Parlamentarischer Staatssekretär Klaus Kaiser in den Ruhr Nachrichten (29. September 2017)

Wir können dabei sein, hieß es, wenn der neue Staatssekretär des Kulturministeriums das Ballettzentrum besucht, und zwischendurch die eine oder andere Fragen stellen. Doch es ergab sich ein längeres Gespräch über den Wert von Kultur und über Schüler, die das Ballett kennenlernen

Herr Kaiser, Sie sind seit Ende Juni parlamentarischer Staatssekretär. Ich nehme an, dieser Besuch des Ballettzentrums gehört für Sie noch zur Einarbeitung?

Klaus Kaiser: Es ist natürlich wichtig, sich auch über diesen Bereich des kulturellen Lebens in NRW zu informieren. Das war heute ein ganz tolles Beispiel, das auch noch viel Spaß gemacht hat. Wer, so wie ich, heute hinter die Kulissen schauen kann, versteht die Abläufe besser. Allmählich erhalten wir ein Bild von dem in diesem Land vorhandenen enormen kulturellen Potenzial.

Die Ministerin Isabel Pfeiffer-Poensgen hat einen vielversprechenden Kurs vorgegeben für die Kultur in NRW.

Kaiser: Wir haben sicherlich gute Rahmenbedingungen. Der Kulturetat wird in den kommenden fünf Jahren um stattliche 50 Prozent, von 200 auf 300 Millionen Euro, steigen. Das heißt, wir können die Kultur in Nordrhein-Westfalen weiter profilieren.

Geld ist die eine Sache. Die andere, die auch die Ministerin in mehreren Interviews angesprochen hat, ist das Verständnis der Kultur als Wert an sich. Wie kann man das denn stärken?

Kaiser: Ich glaube, wenn wir ein Bewusstsein schaffen, wie gut und vielfältig wir in diesem Land sind, und wenn wir das nicht müde werden herauszustellen, dann ist schon ein großer Schritt getan.

Wie machen Sie das?

Kaiser: Indem wir zum Beispiel deutlich machen, welchen Stellenwert dieses Juniorballett hat. Das ist ein Highlight in Deutschland, da liegen wir im Spitzenfeld. Genau wie auch in der Theaterlandschaft, nehmen Sie nur die Ruhrtriennale.
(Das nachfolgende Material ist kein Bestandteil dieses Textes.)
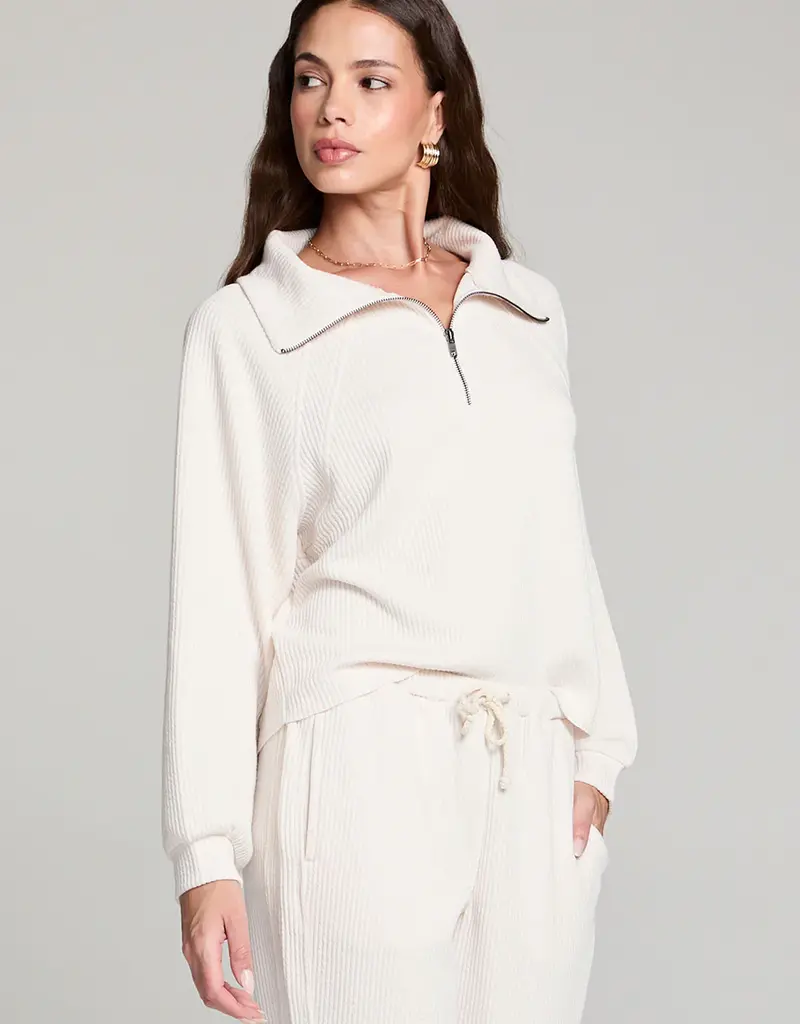 Saltwater Luxe Half-Zip Raglan Pullover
Deutlich machen – was heißt das konkret? Wie macht man das?

Kaiser: Dazu gehört erst mal auch die Selbstwahrnehmung, in der Champions League zu spielen. Dabei geht es nicht nur um Euros und Cents, sondern darum, diese Spitzenposition immer wieder zu betonen und zu pflegen. Die neue Ministerin ist ganz sicher eine hervorragende Botschafterin der Kultur, weil sie in der Kulturszene nicht nur von NRW bestens vernetzt ist.

Sie meinen betonen und pflegen in Form von öffentlichen Äußerungen – Pressemitteilungen, Reden?

Kaiser: Auch, klar. Zusätzlich kann man mit Besuchen vor Ort immer wieder ausdrücken: Ihr genießt unsere besondere Wertschätzung, wir geben Euch weiter Rückhalt und Unterstützung.

In Dortmund gibt es Pläne für weitere Einrichtungen, die eine positive überregionale Wahrnehmung und Wirkung entwickeln könnten. Da ist  die Junge Bühne Westfalen, die am Theater in der Innenstadt gebaut werden soll, und der Plan des Schauspielintendanten Kay Voges, eine Akademie für Digitalität und Darstellende Kunst in Dortmund aufzubauen. Ich nehme an, darüber haben Sie schon gesprochen?

Kaiser: Wir führen derzeit sehr viele Gespräche und hören gut zu. Wenn diese Phase abgeschlossen ist, werden wir zu den Details sicher Stellung nehmen können.

Frau Blasberg-Bense, Sie leiten die Schulabteilung der Bezirksregierung. Das Ballettzentrum ist keine Schule – warum sind Sie trotzdem mitgekommen?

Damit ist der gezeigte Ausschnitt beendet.